IMF predicts Saudi Arabia will become bankrupt shortly

Given spending sprees and persistently low oil prices, the IMF argues that Saudi Arabia is heading for bankruptcy by 2020

 
Saudi Arabia at night. The IMF has big concerns about the future of the Kingdom's economy, and predicts it will become bankrupt in five years time
Saudi Arabia at night. The IMF has big concerns about the future of the Kingdom's economy, and predicts it will become bankrupt in five years time 
Author: Elizabeth Matsangou
October 27, 2015

A new report published in October by the IMF predicts that within five years, Saudi Arabia will have used all of its cash reserves, and so will become bankrupt. The annual Regional Economic Outlook takes an in depth look of the economic vitality of MENAP countries, including the Kingdom. In this latest edition, the IMF explains that during the ongoing period of low oil prices, exporting countries, including Saudi Arabia, are not “saving enough of their hydrocarbon wealth for intergenerational purposes”.

[T]he study does not allude to the measures that are currently being taken by the government to diversify the economy

According to the analysis, Saudi Arabia is due to experience a budget deficit of 21.6 percent this year, and a further 19.4 percent reduction in overall fiscal balance during 2016. Moreover, foreign reserves held by the Saudi Arabian central bank (Sama), have declined by around $73bn since the onset of the oil price slump last year.

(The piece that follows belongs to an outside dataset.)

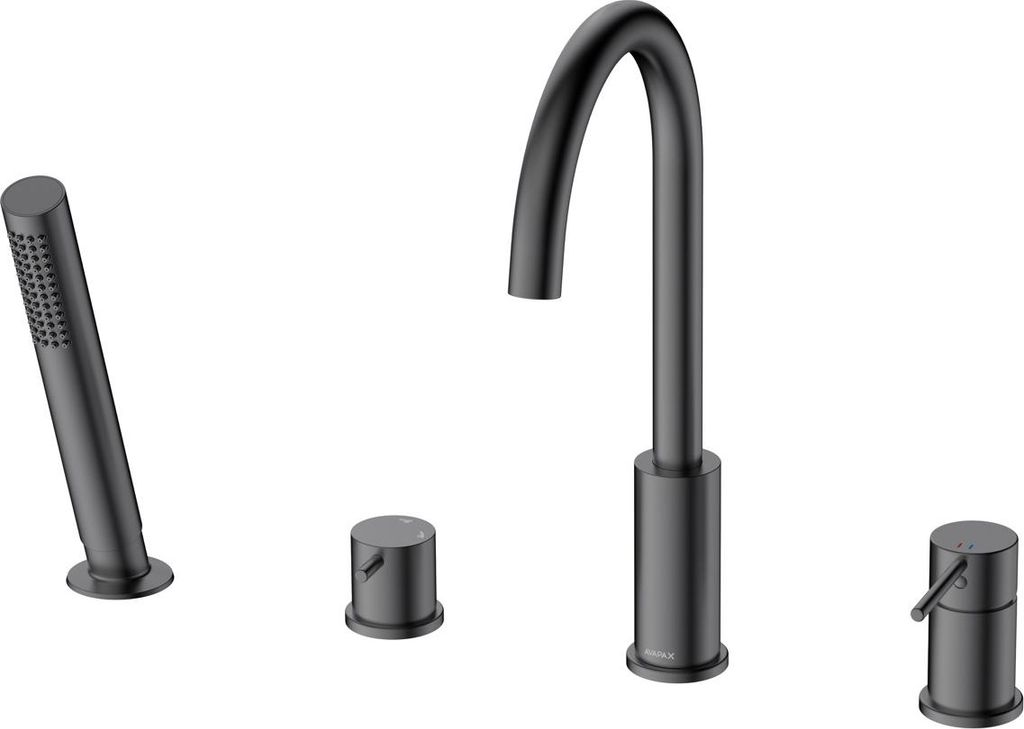 Avapax | Badewannenarmatur 4-loch - Gun Metal - Matt - Hoher Auslauf - Messing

Losses are attributed to the ongoing conflict in Yemen, which has led Saudi Arabia to take the number three spot in terms of global military spending. This year has also seen the government’s spending spree in terms of infrastructure development, as well as $32bn to celebrate the coronation of the new king, Salman Bin Abdulaziz Al Saud. However, it is important to note that a large majority of the reduction in foreign reserves is actually a result of huge withdrawals from Sama, which many believe is part of a strategy to reinvest capital in less risky products and ventures.

Of course, statistics give little room for debate; mounting government deficit coupled with a startling reduction in foreign reserves indicates a tumultuous time ahead for the Saudi Arabian economy. That being said, the study does not allude to the measures that are currently being taken by the government to diversify the economy. At present, 90 percent of it is reliant on oil exports, yet there are other promising industries that are beginning to emerge, such as real estate development, healthcare and plastic manufacturing. Furthermore, the government’s decision to open up its stock market to the international community earlier this year is another indication of a new approach that is now being taken by the Saudi regime.

The continued slump in oil prices is also unlikely to persist, at least, not at its current levels, meaning that it is not all doom and gloom ahead for Saudi Arabia, as the IMF’s recent report maintains.